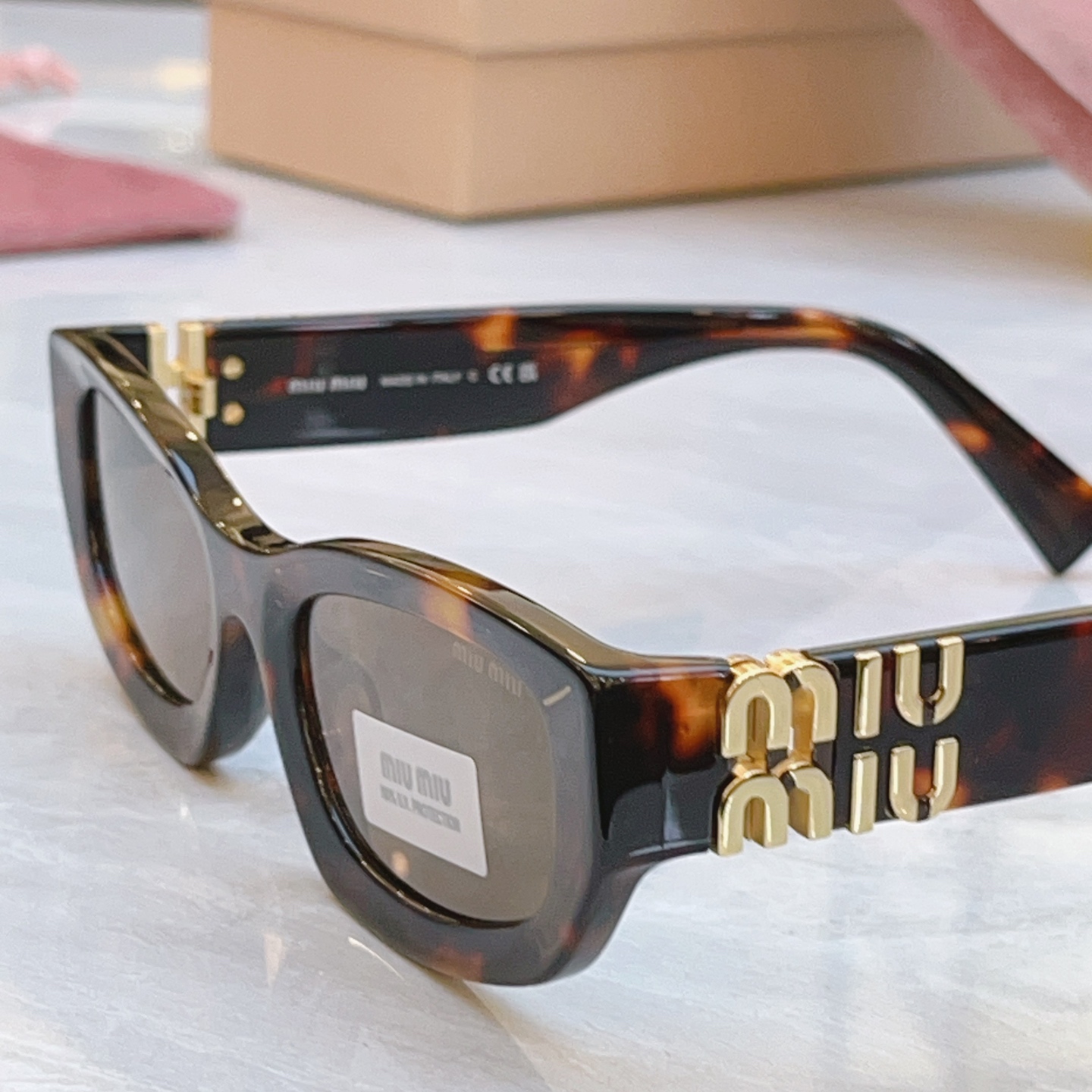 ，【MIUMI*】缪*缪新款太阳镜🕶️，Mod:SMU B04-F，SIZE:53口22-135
* * * *
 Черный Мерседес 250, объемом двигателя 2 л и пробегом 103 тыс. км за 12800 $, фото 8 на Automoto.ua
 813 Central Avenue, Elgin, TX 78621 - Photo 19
* * * *
What you should do =>
Once you find the line with "Черный Мерседес 250, объемом" in the entries above, output it and each line after it up to and including the line with "813 Central Avenue, Elgin, TX", and nothing else.

Exercise result =>
 Черный Мерседес 250, объемом двигателя 2 л и пробегом 103 тыс. км за 12800 $, фото 8 на Automoto.ua
 813 Central Avenue, Elgin, TX 78621 - Photo 19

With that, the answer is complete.